Renner cashed his check and, to be fair, he gives the movie his all. So does his sister, Gemma Arterton. Together, they survive a childhood encounter with a hungry witch and grow up to be renowned witch hunters, traveling from town to town in a smelly, vaguely steampunk Europe to dispose of the local monsters. As our ostensible adventure begins, they’ve arrived in Augsburg, where they’ll uncover a plot by the witchcraft community to kidnap and sacrifice children for a ritual that will enhance their already significant evil powers.
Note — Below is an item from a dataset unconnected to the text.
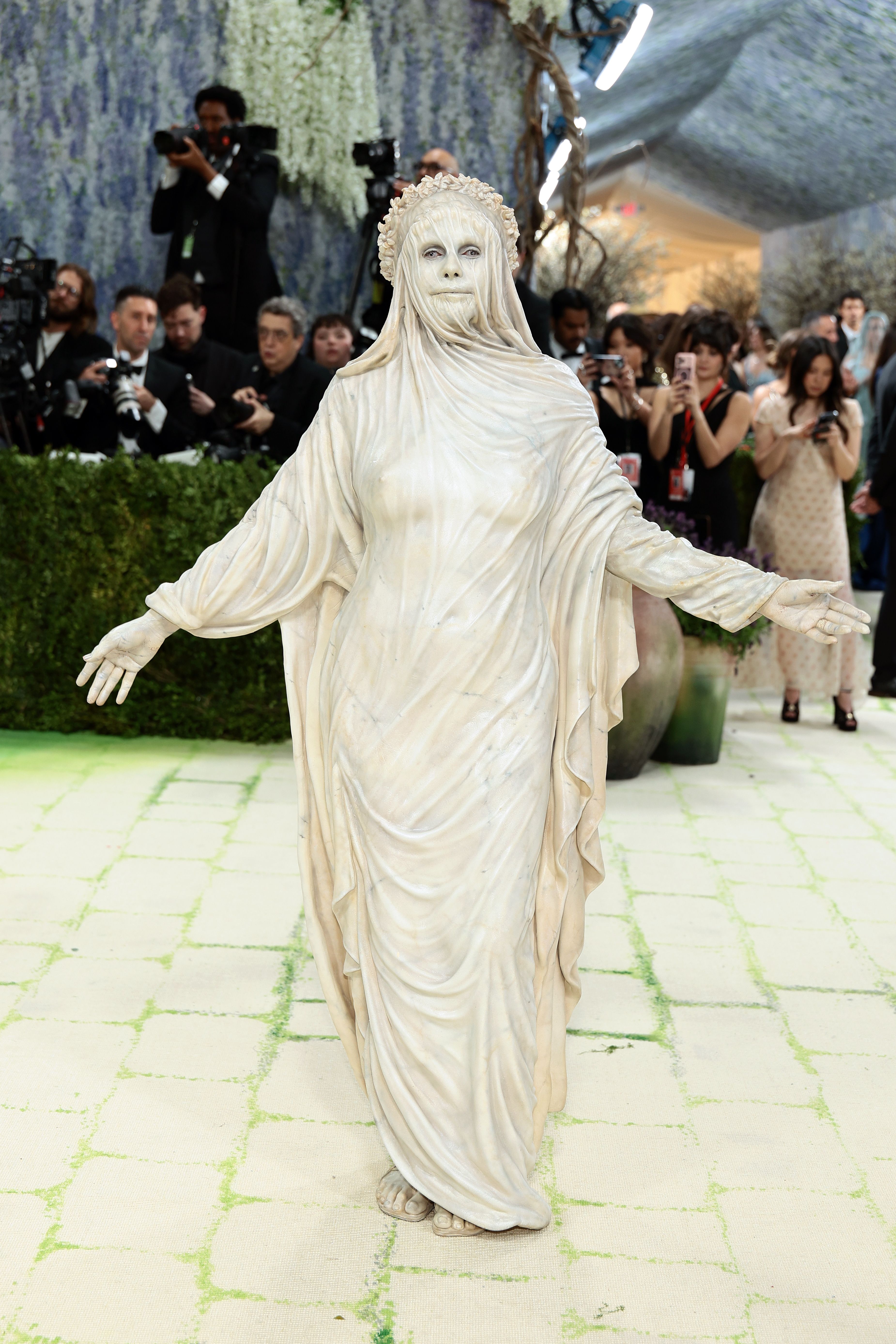 Heidi Klum stands arms outstretched on the carpet, her entire body — face, hands, and floor-length draped robes — painted ivory-white to replicate the texture and weight of classical marble, topped with a sculpted laurel wreath.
It’s nice to read that Renner had a lot of fun making Hansel & Gretel, because it’s unlikely you’ll have any fun watching it. Oh, you can see what it’s going for, with its snarky one-liners and ludicrous setpieces. If you’re looking for an excuse to watch a Gatling gun be unloaded into a horde of hags during an “Epic Magic Battle Scene” then you’ll get your wish, even if you should maybe just get out more. But once the novelty of Renner cursing and popping heads wears off — and it doesn’t take long — it becomes impossible to forget that you are watching a movie called Hansel & Gretel: Witch Hunters.

Renner would be lauded for American Hustle, but he should have won awards for delivering his lines while dressed like that.

Paramount Pictures

Witch Hunters was also supposed to be a coming-out party for Tommy Wirkola, the Norwegian director who’d attracted the attention of both Hollywood and genre fans with his 2009 Nazi-zombie horror-comedy, Dead Snow. Wirkola, who most recently gave us Violent Night and is now threatening to release an animated musical comedy called Spermageddon, delivers exactly what he was hired to make. Blood is spilled, a boob is shown. The sinister design of the witches and a morally conflicted troll are both marginally clever, but mostly it’s just a parade of workmanlike slaughter.
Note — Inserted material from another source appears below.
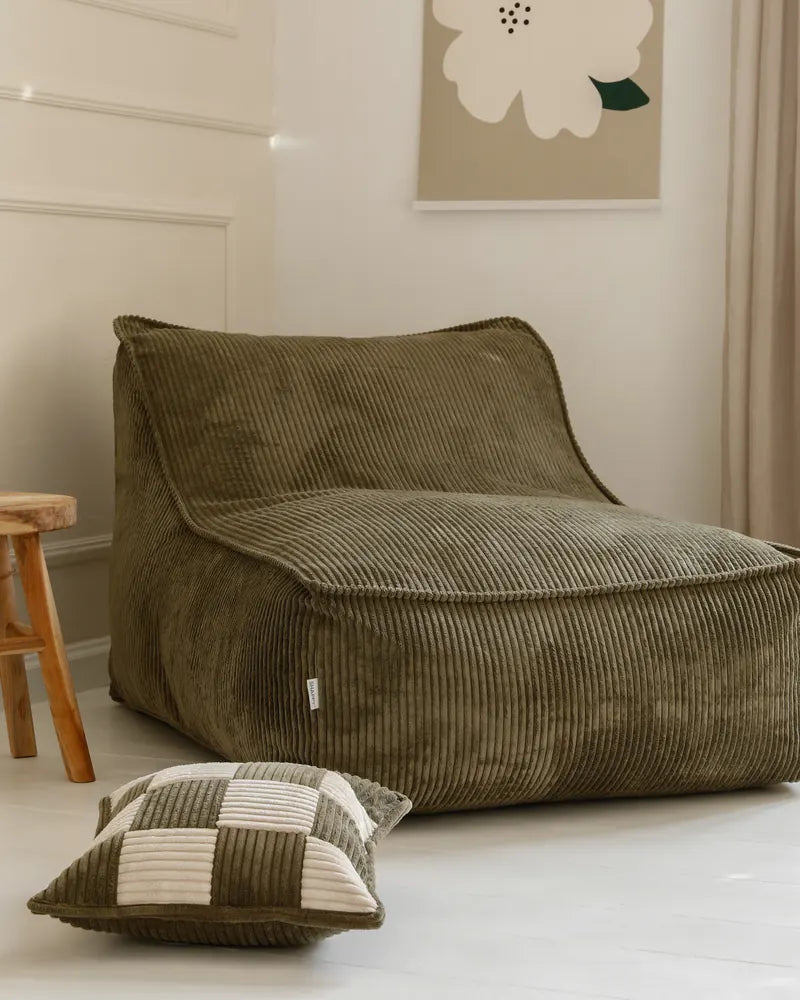Kumo Lounger w kolorze Dusty Sage, widok z przodu pod kątem, w jasnym pokoju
Shaun of the Dead, The Matrix, Sam Raimi, Quentin Tarantino, and John Carpenter were all cited as influences, which at a certain point implies the message of, “We’re going to make a movie that’s movie-like.” Still, it would have been nice if any of these supposed influences had shone through. Instead the movie’s mostly just stupid, sometimes in a specifically 2013 way: Gretel is every bit a competent badass as her brother, but he gets to have hot sex with Pihla Viitala while she gets threatened with rape.

Wikipedia insists that Hansel & Gretel has achieved “Cult Status,” so let’s be clear: this is a bad movie. It doesn’t matter how tongue-in-cheek you are if you’re drooling everywhere. And yet it was profitable in a way that feels impossible now, far outstripping most of its grittily moronic fantasy reboot contemporaries — Jack the Giant Slayer, Abraham Lincoln: Vampire Hunter, I, Frankenstein — by raking in $226 million. If it were made today, it would be given a stripped-down title like Witchhunters, get dumped on Netflix, and never be thought of again. But this was a gosh darn theatrical event, one that many a YouTube commenter remembers with fondness.

If you look at this image while making pew-pew noises you’ve already seen 90% of the movie.

Paramount Pictures

It’s so dumb that it’s almost beautiful. Watching Hansel & Gretel is like watching a mangy, three-legged cat battle through its astigmatism to catch a mouse. You can’t help but root for it, even if maybe it should just be put out of its misery. It sounds like a backhanded compliment to note that Wirkola ran a drama-free production that stuck to its budget and schedule, but “Hey, competent foreigner, here’s $50 million to make your fever dream of a blockbuster idea” isn’t said much in Hollywood anymore now that sprawling franchises are strangling the box office.

And that’s a shame because, for as dumb as this movie is, it cannot be called unmemorable. It’s almost nostalgic to revisit a movie that was allowed to be this ridiculous and still be a smash hit. Audiences watch what’s put in front of them, and even revisiting this nonsense was a reprieve from yet another middling superhero movie. So God bless you, Hansel & Gretel: Witch Hunters, in all your hideous glory. Your kind may never be seen again.